FIRST PERSON
America Votes
Tears, joy and Barack Obama's victory
Last Updated: Tuesday, November 4, 2008 | 11:37 PM ET
Sherrilyn A. Ifill, Special to CBC News
Sherrilyn A. Ifill
Biography
Sherrilyn A. Ifill is a civil rights lawyer and law professor at the University of Maryland School of Law in Baltimore.
It sometimes happens that when something momentous is about to unfold — an event that I've anticipated with great excitement — I go numb. I remember when my daughter was born, I just kind of went blank for a few minutes. (OK, so it could have been the 36 hours of labour.)
But sometimes, it's just too much. When a million pictures and dreams from your past collide with a moment in the present and change your vision of the future, you sometimes need a moment.
And so it was tonight when Barack Obama was elected as the first African-American president in the history of the United States.
'Race men' and fierce pride
I was raised in a political family. My father, a social worker in Harlem, was one of those politically brilliant men who never run for office, but whose instincts and knowledge and energy for politics is stunning in its breadth and depth. He was also a race man.
In America, a race man is a black man who is fiercely proud of his race and deeply committed to the political, social and educational advancement of black people. Among black people, to call a man a "race man" is a compliment.
This combination of fierce racial pride and political instinct and savvy made our house one where from our earliest years my siblings and I watched and dissected politics and grappled with issues of race and class.
I decided by the time I was 10 years old that I wanted to be a civil rights lawyer. My years spent litigating voting rights cases for a major civil rights organization were among the most professionally satisfying of my life.
I've worked for and with African-American voters for 20 years, advocating and pushing to ensure that the right to vote, so hard fought-for by our ancestors, would be fully realized.
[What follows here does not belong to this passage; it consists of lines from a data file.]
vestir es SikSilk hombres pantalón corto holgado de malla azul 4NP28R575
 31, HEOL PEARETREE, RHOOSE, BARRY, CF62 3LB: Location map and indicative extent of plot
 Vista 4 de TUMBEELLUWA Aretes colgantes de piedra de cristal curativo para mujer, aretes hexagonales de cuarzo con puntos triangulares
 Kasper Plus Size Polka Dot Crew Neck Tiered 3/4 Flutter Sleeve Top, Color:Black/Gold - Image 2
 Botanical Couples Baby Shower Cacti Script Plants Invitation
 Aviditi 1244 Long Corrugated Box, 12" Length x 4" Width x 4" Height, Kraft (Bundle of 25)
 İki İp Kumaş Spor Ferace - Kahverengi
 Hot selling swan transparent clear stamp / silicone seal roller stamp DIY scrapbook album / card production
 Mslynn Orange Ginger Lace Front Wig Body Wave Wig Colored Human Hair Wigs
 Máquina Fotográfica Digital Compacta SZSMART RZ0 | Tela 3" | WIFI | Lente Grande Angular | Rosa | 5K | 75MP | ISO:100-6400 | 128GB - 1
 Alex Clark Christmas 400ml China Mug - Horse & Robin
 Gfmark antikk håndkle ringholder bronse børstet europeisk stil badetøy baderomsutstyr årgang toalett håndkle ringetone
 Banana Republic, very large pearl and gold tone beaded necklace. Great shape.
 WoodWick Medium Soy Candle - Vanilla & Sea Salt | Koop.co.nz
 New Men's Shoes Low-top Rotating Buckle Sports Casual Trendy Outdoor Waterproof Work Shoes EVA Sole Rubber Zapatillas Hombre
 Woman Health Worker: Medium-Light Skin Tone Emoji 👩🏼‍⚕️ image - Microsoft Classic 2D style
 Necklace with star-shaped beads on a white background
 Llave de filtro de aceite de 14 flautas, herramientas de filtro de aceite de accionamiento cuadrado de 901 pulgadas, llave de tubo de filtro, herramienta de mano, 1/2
I lived through Jesse Jackson's 1984 and 1988 bids for the presidency, and the 2000 election, when so many black voters were disenfranchised by voter purges and malfunctioning machines, and finally by the Supreme Court's decision that ended the recount in Florida.
Emotions flow after decisive moment
And so, by 8:45 p.m. Tuesday night, when it became clear that by beating John McCain in both Pennsylvania and New Hampshire, Barack Obama was poised to become the first African-American president of the United States, my mind went blank.
And then the tears came.
The tears were not only for my father, who died years too early too see this day. My tears were for Fannie Lou Hamer, the great grassroots activist, who endured a brutal beating by a white sheriff in Mississippi in 1963 because she tried to register to vote. For Shirley Chisholm, the black congresswoman from New York with the gap-toothed smile, who ran for president in 1972. For Jesse Jackson, whose path-breaking runs for the White House first galvanized millions of white voters in support of a black presidential candidate.
My tears were tears of absolute joy — pride at this amazing accomplishment.
I'm not one who normally gets sentimental over black "firsts." For me, it isn't enough that Obama is just the first black president.
It's that he's shown himself to be a man of such tremendous brilliance, integrity and accomplishment. It's that he refused to bow, and refused to lower himself to meet so many of the unfair attacks hurled against him. That he remained disciplined and focused. That his love for his family is apparent in every moment we see him with them. That he is an exceptional man — of any race.
And I'm proud, so proud and heartened to see how readily so many whites — even those who otherwise regard themselves as racists — were willing to overcome their irrational fears and to vote for this amazing man.
Savouring the moment
But my tears, I realized, were also for my children. Not, as one might expect, because they will never have to face the kind of barriers, the kind of limited dreams that even my generation had to accept as part of our lives. But because I know that my children can never really appreciate what this day means.
In a world where the biggest musical stars are black, and my children have grown up surrounded by black congressmen and judges and university professors and doctors, how could they fully understand the breakthrough that Obama's election represents?
And so it is that the success of our struggles separates us forever from our children. We have known captivity in Egypt. They are children of the Promised Land. Perhaps that's a good thing. They are new people — 21st-century people. People for whom "race men" will seem a quaint relic.
And yet I know that the work is not finished. Tonight we — my children, my father, black people, white Americans, all Americans — have made a huge step. But it's only a step. A step that ironically will make it more difficult in many instances to convince people that there's still more work to be done to bring about racial equity and justice.
My tears are also perhaps for this truth. For the knowledge that the struggles will resume almost as quickly as the first joy fades.
But tonight, I'll just savour the joy.